To me? Today seems just like any other day--its a day I can spend with my loved ones and family members, a day I can receive well wishes from friends I've known since junior high school or to ones I only know through games on the social network. Today, is my 50th birthday. No big surprise that I made it to 50 I guess. We're living in an age where it is rare for people not to see their 50th birthday. But still, I feel like its somewhat of an accomplishment that I've made it this far. I'm blessed beyond imagination through God's love and hopefulness in me and people in general. I've lived in so many places and experienced things that only could be experienced because of Dad being in the military, me being married to one man for almost 20 years and my being married to another for 7 1/2 years.
Our experiences in life--good or bad-- are what makes us. And the past 50 years worth of experiences are what makes me ME! There are things about me that some don't like. Guess what--there are things about me I don't like either. But there are so many more things that I hope people do like about me. If not, I'm not going to try to be molded into someone that fits into someone else's perfect mold of who I should be. I am Me, I can't be anyone else. Whole or broken, with or without the different pieces of my personality, my being, my ME-ness--I am who I am.

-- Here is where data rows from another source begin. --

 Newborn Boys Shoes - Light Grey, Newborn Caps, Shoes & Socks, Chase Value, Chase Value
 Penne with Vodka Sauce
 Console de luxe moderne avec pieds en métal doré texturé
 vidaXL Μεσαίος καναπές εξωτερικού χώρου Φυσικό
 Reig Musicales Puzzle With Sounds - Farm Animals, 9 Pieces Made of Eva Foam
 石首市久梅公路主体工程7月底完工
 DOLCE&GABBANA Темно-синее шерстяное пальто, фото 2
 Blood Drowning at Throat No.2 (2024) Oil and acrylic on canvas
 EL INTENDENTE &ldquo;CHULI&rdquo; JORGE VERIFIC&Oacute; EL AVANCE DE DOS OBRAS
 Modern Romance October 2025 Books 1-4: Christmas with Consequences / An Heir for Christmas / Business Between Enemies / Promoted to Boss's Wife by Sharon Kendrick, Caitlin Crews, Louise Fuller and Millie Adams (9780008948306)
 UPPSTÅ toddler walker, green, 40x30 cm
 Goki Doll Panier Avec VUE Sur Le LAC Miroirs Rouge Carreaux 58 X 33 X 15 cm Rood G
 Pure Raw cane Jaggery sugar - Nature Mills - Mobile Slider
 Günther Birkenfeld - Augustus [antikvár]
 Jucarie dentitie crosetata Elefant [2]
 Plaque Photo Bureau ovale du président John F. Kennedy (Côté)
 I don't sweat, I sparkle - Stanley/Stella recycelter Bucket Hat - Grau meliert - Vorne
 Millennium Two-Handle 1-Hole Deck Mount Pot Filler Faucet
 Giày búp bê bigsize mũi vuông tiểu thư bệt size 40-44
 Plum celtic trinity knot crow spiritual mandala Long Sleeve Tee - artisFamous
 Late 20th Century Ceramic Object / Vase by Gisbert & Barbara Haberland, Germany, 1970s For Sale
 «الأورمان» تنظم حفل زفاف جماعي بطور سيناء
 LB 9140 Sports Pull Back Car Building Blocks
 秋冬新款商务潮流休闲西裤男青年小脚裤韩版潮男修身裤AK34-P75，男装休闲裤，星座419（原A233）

Now I am starting on the next 50 years of experiences. I wonder what new things will be achieved in the next 50 years. Hopefully, I'll be around all 50 of those years to find out. So, who among you will join me for the next 50 years of experiences? Will you be someone I experience new (or old) things with? Will you be someone that just passes through my life unnoticed? Will I be someone that just passes you by unnoticed? Who knows. But we have the next 50 years to experience it together---one way or the other.